Sorry if you weren’t interested in the history of Pokémon, but that was the only way I could answer your question completely.

Smile, it makes people wonder what you are thinking.
Fun with HTML (tutoral)
Give someone an F.U.

There is a pokemon newsgroup. you can download and print all the winning pokemon for free. But don’t tell.

Its just like Magic the gathering, you know, whoever has the best card wins.

It’s like playing Rock-Scissors-Paper:Vegas Rules.

You say “cheesy” like that’s a BAD thing.

Hey, Handy - I used to play Magic wheni was a kid, and i was cheap so i never had the best cards, but i knew the game, 'cause i reasearched and i could beat all my friends 'cause they were dumb. It’s very complex, very open to strategy

If you can’t dazzle them with brilliance, baffle them with bullshit.

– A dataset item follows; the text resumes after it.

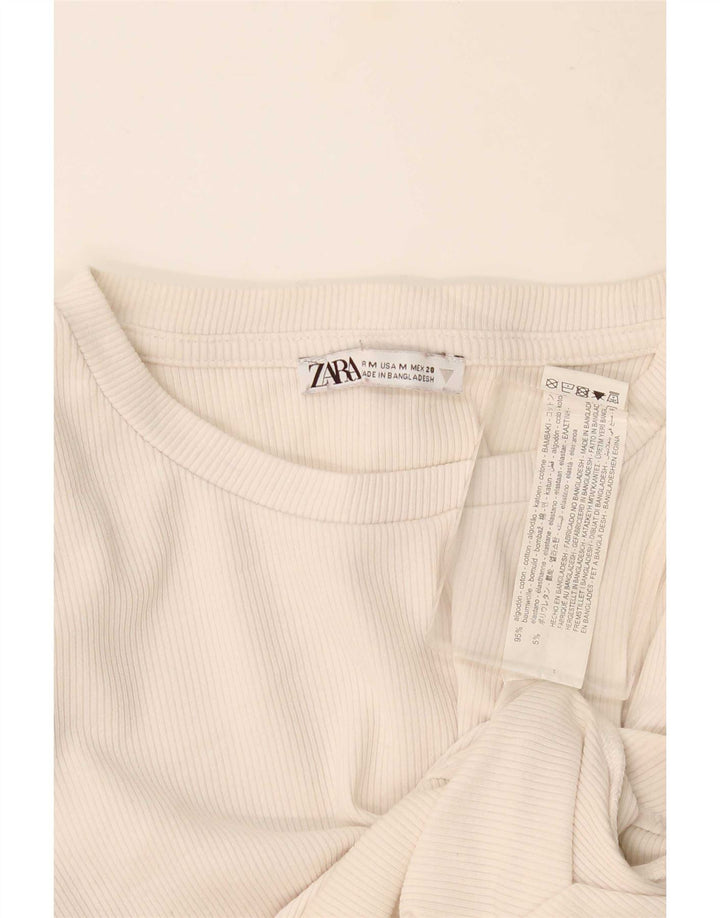 Zara Damen-Body UK 12 Mittelweiße Baumwolle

If you need a graphic solution, http:\ alk.to\Piglet

Dear Meredith:
Many of the kids in the Bloomington, Ind, areas are crazy about the Pokemon game. And a few adults, too – saw a 30-year-old man stomp out of a game store a few nights ago because the clerk would not sell him the last two Pokemon boosters. She wanted to sell them to a kid.
I’ve noticed the adults and teenagers, myself included, stick to Magic: The Gathering, Legend of the Five Rings (my favorite at present), Doomtown and Seven Seas.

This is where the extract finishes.